Pull every line containing the word "Jacket" from the records.
[Provided information — start]
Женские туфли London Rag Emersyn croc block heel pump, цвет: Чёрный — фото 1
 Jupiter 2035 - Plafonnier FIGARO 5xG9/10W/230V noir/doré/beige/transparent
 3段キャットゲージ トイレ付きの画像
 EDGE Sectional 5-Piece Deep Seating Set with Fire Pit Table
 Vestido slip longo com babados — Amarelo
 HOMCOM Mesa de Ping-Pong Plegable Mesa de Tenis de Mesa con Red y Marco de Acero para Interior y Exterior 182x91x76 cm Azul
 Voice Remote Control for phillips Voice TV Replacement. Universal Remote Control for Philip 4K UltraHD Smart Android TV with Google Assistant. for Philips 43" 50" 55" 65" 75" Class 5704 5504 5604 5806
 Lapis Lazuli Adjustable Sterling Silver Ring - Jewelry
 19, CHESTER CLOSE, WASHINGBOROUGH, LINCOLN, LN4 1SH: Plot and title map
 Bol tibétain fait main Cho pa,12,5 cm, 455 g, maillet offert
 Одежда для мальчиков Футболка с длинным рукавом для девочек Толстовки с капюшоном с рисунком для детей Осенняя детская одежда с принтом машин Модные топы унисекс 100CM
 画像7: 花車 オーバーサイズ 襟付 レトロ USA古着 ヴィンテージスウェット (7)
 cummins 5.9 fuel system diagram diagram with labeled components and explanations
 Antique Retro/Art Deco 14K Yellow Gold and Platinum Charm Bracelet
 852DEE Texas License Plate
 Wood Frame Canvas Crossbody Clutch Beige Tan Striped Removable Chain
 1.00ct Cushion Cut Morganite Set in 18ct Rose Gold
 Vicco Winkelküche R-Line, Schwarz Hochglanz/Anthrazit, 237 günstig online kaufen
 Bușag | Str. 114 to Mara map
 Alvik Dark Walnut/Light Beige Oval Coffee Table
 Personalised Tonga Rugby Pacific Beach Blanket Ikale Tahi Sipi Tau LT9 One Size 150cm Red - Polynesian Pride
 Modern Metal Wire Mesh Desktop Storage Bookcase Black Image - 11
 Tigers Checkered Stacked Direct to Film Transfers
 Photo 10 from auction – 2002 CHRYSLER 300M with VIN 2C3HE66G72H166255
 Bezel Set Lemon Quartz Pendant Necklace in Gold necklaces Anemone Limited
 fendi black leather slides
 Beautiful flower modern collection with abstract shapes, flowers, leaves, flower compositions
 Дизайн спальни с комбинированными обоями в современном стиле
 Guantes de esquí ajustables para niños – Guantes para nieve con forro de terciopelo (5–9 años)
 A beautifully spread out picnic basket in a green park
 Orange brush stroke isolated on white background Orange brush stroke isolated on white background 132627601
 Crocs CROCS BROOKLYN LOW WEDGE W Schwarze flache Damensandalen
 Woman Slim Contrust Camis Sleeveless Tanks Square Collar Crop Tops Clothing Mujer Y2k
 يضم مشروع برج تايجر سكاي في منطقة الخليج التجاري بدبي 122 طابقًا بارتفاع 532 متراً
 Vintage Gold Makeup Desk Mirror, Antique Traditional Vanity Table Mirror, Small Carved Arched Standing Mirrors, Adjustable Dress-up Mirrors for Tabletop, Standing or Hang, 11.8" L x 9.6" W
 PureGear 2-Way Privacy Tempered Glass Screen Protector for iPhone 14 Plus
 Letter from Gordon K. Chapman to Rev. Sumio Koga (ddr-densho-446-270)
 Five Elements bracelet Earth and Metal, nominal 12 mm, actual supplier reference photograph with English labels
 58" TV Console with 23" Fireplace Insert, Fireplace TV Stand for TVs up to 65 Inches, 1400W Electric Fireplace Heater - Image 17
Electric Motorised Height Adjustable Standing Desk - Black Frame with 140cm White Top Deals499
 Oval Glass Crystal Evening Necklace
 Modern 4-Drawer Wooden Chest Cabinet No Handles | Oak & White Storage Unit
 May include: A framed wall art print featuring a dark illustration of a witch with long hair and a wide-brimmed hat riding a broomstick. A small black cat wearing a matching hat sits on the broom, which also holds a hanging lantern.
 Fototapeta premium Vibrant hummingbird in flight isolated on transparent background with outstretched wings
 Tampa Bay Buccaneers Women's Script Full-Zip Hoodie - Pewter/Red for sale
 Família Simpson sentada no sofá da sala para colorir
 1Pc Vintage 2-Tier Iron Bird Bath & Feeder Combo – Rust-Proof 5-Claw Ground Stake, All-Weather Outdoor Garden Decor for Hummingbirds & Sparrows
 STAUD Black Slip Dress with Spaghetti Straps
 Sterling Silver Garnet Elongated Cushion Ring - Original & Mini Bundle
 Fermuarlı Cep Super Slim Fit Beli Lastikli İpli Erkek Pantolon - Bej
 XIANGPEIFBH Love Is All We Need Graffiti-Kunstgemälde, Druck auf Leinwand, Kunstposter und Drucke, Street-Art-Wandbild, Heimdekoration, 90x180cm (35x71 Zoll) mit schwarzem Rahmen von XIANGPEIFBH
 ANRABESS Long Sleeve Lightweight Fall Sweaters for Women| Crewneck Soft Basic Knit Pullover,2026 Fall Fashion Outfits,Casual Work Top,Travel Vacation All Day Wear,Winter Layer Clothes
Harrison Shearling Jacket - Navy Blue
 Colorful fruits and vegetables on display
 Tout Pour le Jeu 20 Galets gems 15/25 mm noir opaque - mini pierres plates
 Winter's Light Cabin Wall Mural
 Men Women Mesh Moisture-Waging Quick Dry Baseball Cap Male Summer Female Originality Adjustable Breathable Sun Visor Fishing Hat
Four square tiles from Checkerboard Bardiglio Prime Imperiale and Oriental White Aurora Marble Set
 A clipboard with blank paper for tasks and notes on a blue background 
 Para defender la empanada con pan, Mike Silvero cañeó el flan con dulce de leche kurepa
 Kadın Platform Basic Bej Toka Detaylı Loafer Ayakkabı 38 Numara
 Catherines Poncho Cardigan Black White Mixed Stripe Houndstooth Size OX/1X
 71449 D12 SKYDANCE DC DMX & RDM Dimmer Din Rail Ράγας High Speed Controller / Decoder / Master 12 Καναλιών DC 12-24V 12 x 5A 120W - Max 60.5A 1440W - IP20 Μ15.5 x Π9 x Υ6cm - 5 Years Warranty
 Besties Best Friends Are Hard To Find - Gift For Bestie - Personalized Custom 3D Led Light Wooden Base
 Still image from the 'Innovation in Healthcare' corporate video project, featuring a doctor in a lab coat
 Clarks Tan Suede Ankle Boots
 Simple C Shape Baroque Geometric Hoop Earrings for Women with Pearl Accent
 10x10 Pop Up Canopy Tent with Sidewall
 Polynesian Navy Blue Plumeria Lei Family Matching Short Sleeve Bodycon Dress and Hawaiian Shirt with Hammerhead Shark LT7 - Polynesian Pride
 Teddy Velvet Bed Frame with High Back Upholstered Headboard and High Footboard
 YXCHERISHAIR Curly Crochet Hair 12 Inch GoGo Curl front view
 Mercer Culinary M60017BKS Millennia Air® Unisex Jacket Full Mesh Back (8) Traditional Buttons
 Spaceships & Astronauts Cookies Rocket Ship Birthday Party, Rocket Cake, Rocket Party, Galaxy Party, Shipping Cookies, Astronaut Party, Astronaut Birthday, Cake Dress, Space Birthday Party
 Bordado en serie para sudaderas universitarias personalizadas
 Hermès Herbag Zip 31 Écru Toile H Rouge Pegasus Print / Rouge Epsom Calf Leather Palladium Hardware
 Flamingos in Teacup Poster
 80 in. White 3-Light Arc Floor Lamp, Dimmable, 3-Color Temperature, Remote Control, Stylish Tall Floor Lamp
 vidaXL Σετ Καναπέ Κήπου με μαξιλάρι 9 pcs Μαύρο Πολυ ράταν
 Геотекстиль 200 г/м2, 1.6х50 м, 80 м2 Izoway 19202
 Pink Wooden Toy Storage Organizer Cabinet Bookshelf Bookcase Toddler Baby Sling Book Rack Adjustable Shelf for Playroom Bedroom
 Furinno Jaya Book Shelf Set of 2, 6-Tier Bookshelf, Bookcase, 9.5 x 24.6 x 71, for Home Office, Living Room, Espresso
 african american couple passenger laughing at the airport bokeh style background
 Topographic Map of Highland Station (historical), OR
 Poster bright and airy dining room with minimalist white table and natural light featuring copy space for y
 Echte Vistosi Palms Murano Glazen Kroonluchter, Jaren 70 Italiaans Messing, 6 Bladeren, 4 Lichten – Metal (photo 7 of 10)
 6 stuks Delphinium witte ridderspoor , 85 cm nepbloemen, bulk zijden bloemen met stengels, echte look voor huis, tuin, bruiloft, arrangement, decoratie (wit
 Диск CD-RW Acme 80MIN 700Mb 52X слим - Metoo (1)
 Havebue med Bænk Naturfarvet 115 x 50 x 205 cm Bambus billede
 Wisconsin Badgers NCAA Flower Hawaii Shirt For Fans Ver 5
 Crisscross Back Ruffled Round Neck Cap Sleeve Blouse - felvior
[Provided information — finish]
> **Output of the task**
Harrison Shearling Jacket - Navy Blue
 Mercer Culinary M60017BKS Millennia Air® Unisex Jacket Full Mesh Back (8) Traditional Buttons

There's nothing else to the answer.